Fair Work Act 2009 (Cth), ss.44(1), 45, 87, 96, 535(1), 536(1), 539(2), 546(2) 550(1), 550(2), 557(1), 557(2), 557C

Fair Work Amendment (Protecting Vulnerable Workers) Act 2017
Fair Work Regulations 2009, regs.3.32, 3.33, 3.34, 3.36, 3.37

Cases cited:

Fair Work Ombudsman v Hasegawa and Ye International Pty Ltd [2019] FCCA 1424
Fair Work Ombudsman v Taj Palace Tandoori Indian Restaurant Pty Ltd [2012] FMCA 258

Applicant: FAIR WORK OMBUDSMAN
First Respondent: A & K PROPERTY SERVICES PTY LTD
Second Respondent: YONG SIN KIM
Third Respondent: HYUN JUN KANG
Fourth Respondent: JUNGPYO LEE
File Number: BRG 68 of 2019
Judgment of: Judge Jarrett
Hearing date: 16 August 2019
Date of Last Submission: 16 August 2019
Delivered at: Brisbane
Delivered on: 16 August 2019

REPRESENTATION

Solicitors for the Applicant: Office of the Fair Work Ombudsman
Solicitors for the Respondents: C & C Legal

ORDERS

BY CONSENT THE COURT DECLARES THAT:

  1. The First Respondent contravened the following civil remedy provisions of the Fair Work Act 2009:

    (a)s.535(1), by failing to make and keep employee records in respect of Sangyeop Lee, Jiyeon Lee, Wonhyong Jang, Gyeongbae Jeong, Jieun Yoo, Jongseung Park, Ahreum Kim, Eunyoung Ko and Jueun Jeong as prescribed by regulations 3.32, 3.33, 3.34, 3.36 and 3.37 of the Fair Work Regulations 2009;

    (b)s.536(1), by failing to provide pay slips to the employees within one working day of paying an amount to them in relation to the performance of work;

    (c)s.45, by failing to pay Jiyeon Lee, Wonhyong Jang, Gyeongbae Jeong, Jieun Yoo, Jongseung Park, Ahreum Kim, Eunyoung Ko and Jueun Jeong the minimum rate of pay prescribed by clause 17 of the Fast Food Industry Award 2010;

    (d)s.45, by failing to pay Jongseung Park, Ahreum Kim, Sangyeop Lee, Jiyeon Lee, Wonhyong Jang and Gyeongbae Jeong the additional loading for working hours on Saturdays as prescribed by clause 25.5(b)(i) of the Fast Food Industry Award 2010;

    (e)s.45, by failing to pay Jongseung Park, Sangyeop Lee and Wonhyong Jang the additional loading for working hours on Sundays as prescribed by clause 25.5(c)(i) of the Fast Food Industry Award 2010;

    (f)s.45, by failing to pay Ahreum Kim, Eunyoung Ko, Juen Jeong, Gyeongbae Jeong and Jieun Yoo the required rates for overtime worked as prescribed by clause 26.1(a) of the Fast Food Industry Award 2010;

    (g)s.45, by failing to pay Sangyeop Lee annual leave loading as prescribed by clause 28.3(a) of the Fast Food Industry Award 2010;

    (h)s.45, by failing to make superannuation contributions for the benefit of the Employees such as would avoid the payment of the superannuation guarantee charge as prescribed by clause 21.2 of the Fast Food Industry Award 2010;

    (i)s.45, by failing to enter into written part-time agreements with Sangyoeop Lee, Jiyeon Lee, Wonhyong Jang and Jongseung Park as prescribed by clause 12.2 of the Fast Food Industry Award 2010;

    (j)s.44(1), by failing to accrue annual leave to the employees as required by s.87 of the Fair Work Act 2009; and

    (k)s.44(1), by failing to accrue personal/carers leave to the employees as required by s.96 of the Fair Work Act 2009.
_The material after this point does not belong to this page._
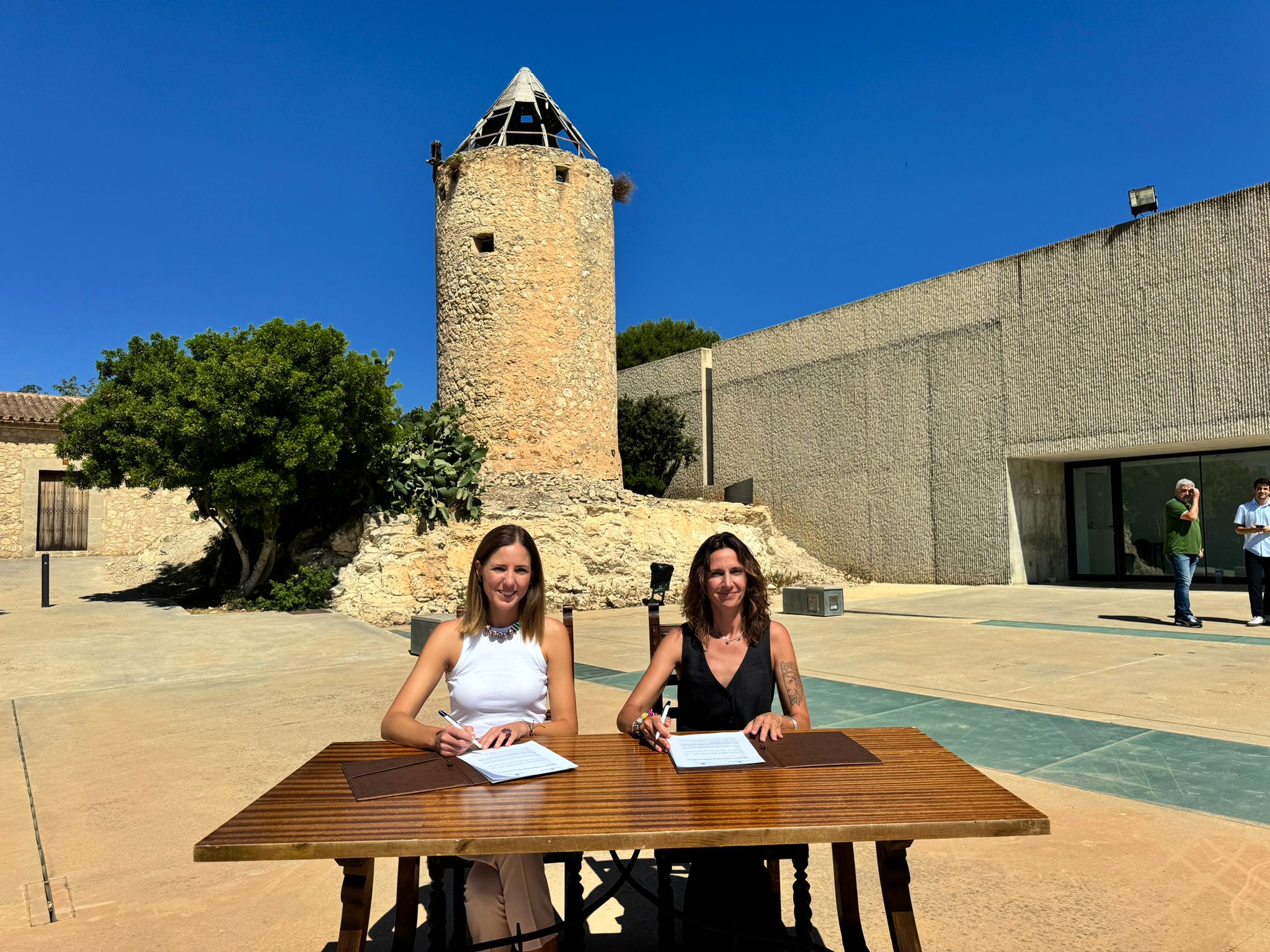 Signatura del conveni de restauració del molí de Can Ferrando de Montuïri.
  2. The Second Respondent was involved, within the meaning of s.550(1) of the Fair Work Act 2009, in contraventions 1(a), 1(b), 1(j) and 1(k) above.

  3. The Third Respondent was involved, within the meaning of s.550(1) of the Fair Work Act 2009 , in contraventions 1(j) and 1(k) above with respect to Jongseung Park, Ahreum Kim, Eunyoung Ko and Jueun Jeong.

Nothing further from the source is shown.